Predicator of Pregnant Women’s Self-care Behavior against Air Pollution: An explanation based on the Extended Parallel Process Model (EPPM)

Autor: Mehrnoosh Jasemzadeh, Nematallah Jaafarzadeh, Morteza Abdullatif Khafaie, Amal Saki Malehi, Marzieh Araban
Jazyk: angličtina
Rok vydání: 2016
Předmět:
Zdroj: Electronic Physician, Vol 8, Iss 9, Pp 2871-2877 (2016)
Druh dokumentu: article
ISSN: 2008-5842
DOI: 10.19082/2871
Popis: Introduction: Air pollution is one of the most important problems of metropolitan cities. The level of air pollution in the city of Ahvaz is so much higher than the standard level, that it can create risks, particularly for pregnant women in the area. The aim of the study was to examine the predictors of self-care behavior of pregnant women against air pollution according to Extended Parallel Process Model (EPPM) in Ahvaz. Methods: In this cross-sectional study, 330 pregnant women who were referred to health care centers in western Ahvaz in 2015 were examined.
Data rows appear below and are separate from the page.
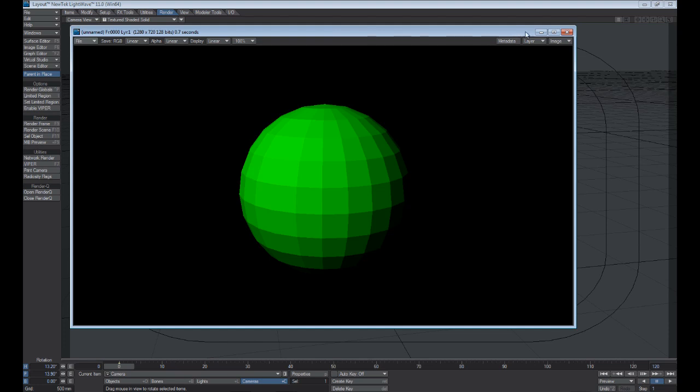So those are the main essentials of LightWave's layout. Now we're going to jump into Modeler and discuss the basics of that.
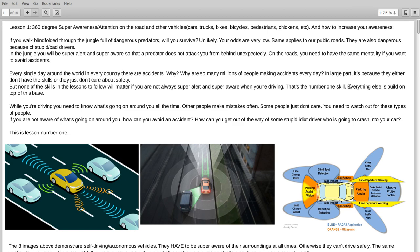But none of the skills and lessons to follow will matter if you are not always super alert and super aware when you're driving. That's the number one skill. Everything else is built on top of this base.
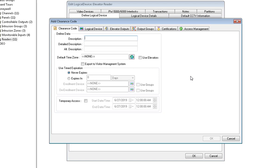In the description type in elevator unlock schedule, then click on use elevators.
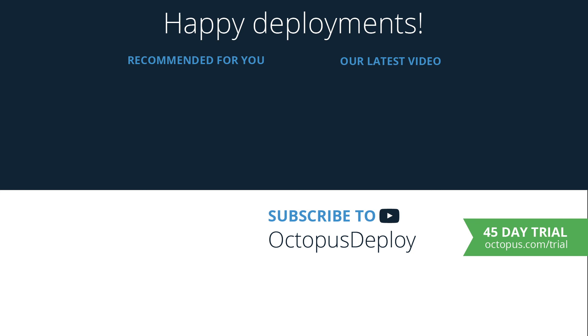If you liked this video, be sure to give it a thumbs up and don't forget to subscribe to our channel as we're adding new videos weekly. Happy deployments!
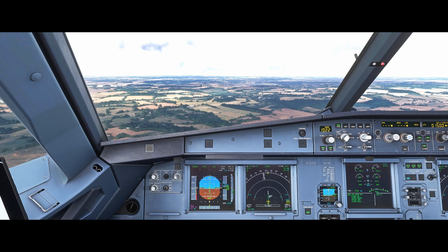Hello, Airbus Cockpit Coach here. In this video we're going to run through the memory items for a loss of braking event. Memory items such as this are something that we are regularly tested on in the simulators as part of our recurrency training. As the name suggests, they must be committed to memory due to the fast action that is required when these events occur.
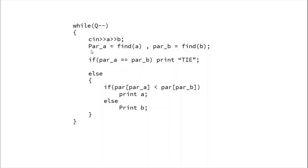The query code finds parent of A and parent of B. If they are the same, print 'tie'. Otherwise, if parent[A] is less than parent[B], result is A; else result is B. I hope you've understood this — try to solve it yourself and if you have any problems, comment below. You can also post your code to help others. Thanks for watching and keep coding!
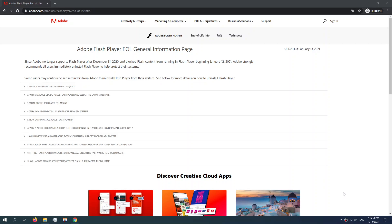Adobe is ending Flash support in early 2021, which saddens a lot of us gamers, because some of us got our start gaming playing these older, simpler titles online, perhaps on parents' or school's computers.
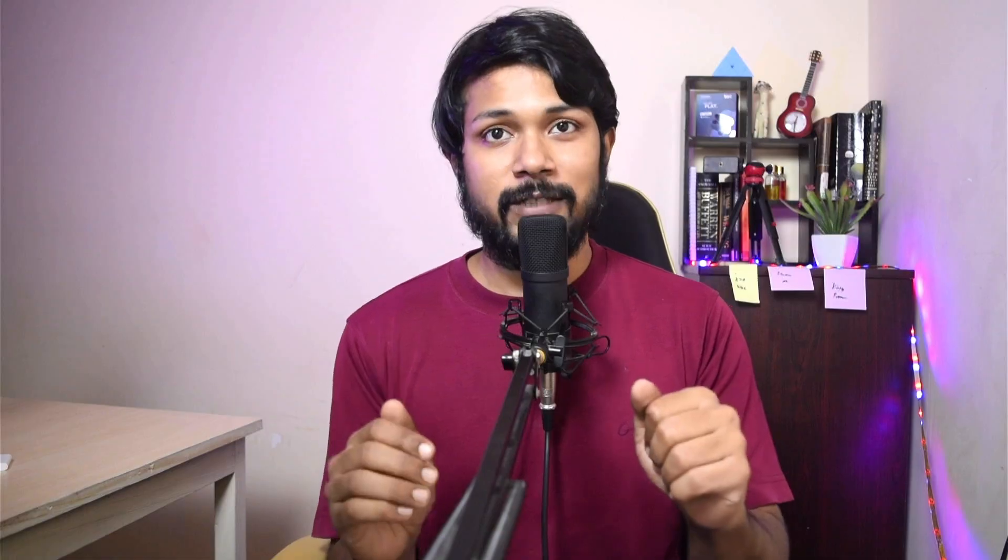Alright guys, so even before we begin, I want to give a shout out to the sponsor for this video, Unacademy along with CodeChef. I'll just take a quick one minute of your time to talk about what they are doing and come back and let's start the video together. I just want to quickly highlight the upcoming batches that are coming as part of the Unacademy along with CodeChef Partnership.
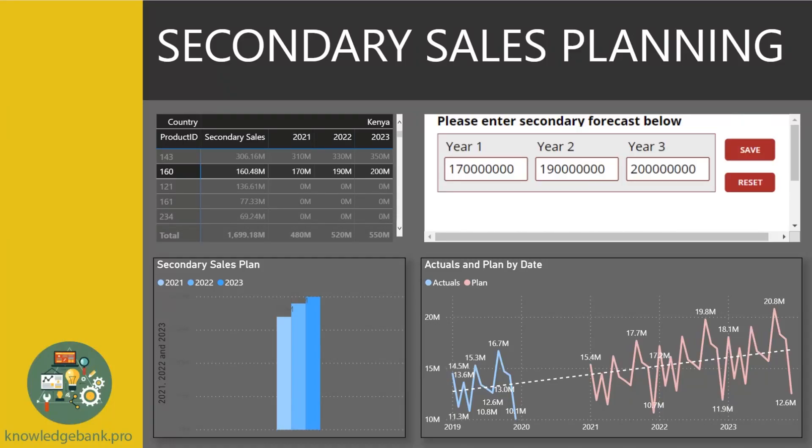Hello everybody! Today we're talking about PowerApps on this channel, and if that doesn't get you excited, I don't know what will. As you saw from the title of this video, we will be talking about two trade-offs that you have to make as you incorporate PowerApps into your Power BI report.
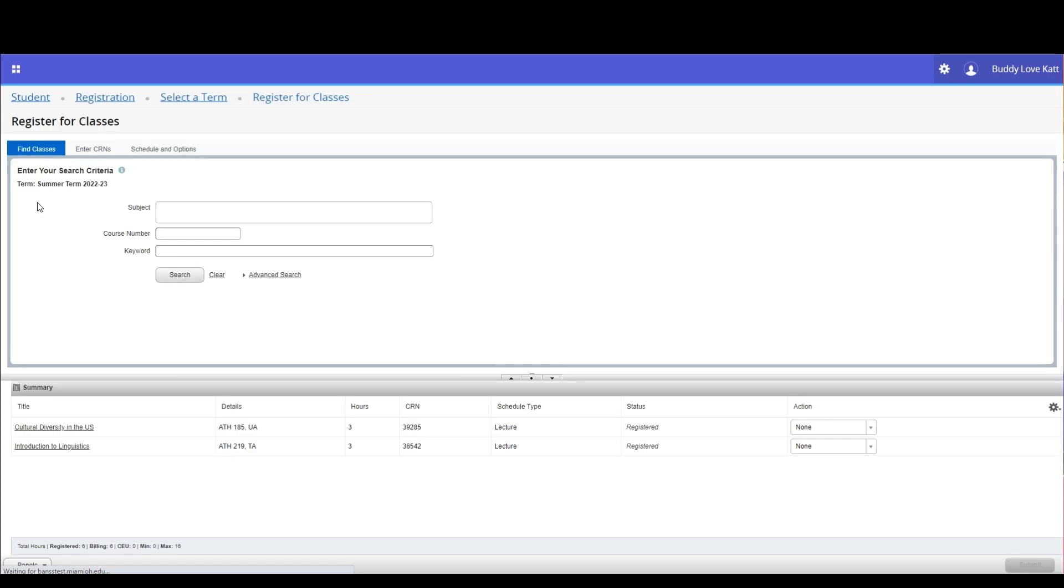You will advance to the register for classes screen. On the find classes tab, go down to the summary pane.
The data collection tool was a reliable and valid researcher-made questionnaire consisting of three parts: The first part was demographic information, the second part according to the extended parallel process model, included perceived susceptibility, perceived severity, response efficacy, and self-efficacy. The third part examined self-care behavior. Then, the collected data was analyzed by using the software SPSS 16. Data analysis was done by using Spearman’s correlation coefficient and linear regression. Results: The average age of study subjects was 26.07 ± 2.3 years, and most (45.5%) were in the second trimester of pregnancy. These findings showed that self-efficacy constructs (β = 0.41) and response efficacy (β= 0.15) have predictive power of self-care behavior (p < 0.05). Conclusion: The findings showed that self-efficacy and response efficacy, are important factors to predict air pollution self-care behavior. Therefore, to develop a theory-based behavioral modification program for pregnant women, more emphasis on these constructs is recommended.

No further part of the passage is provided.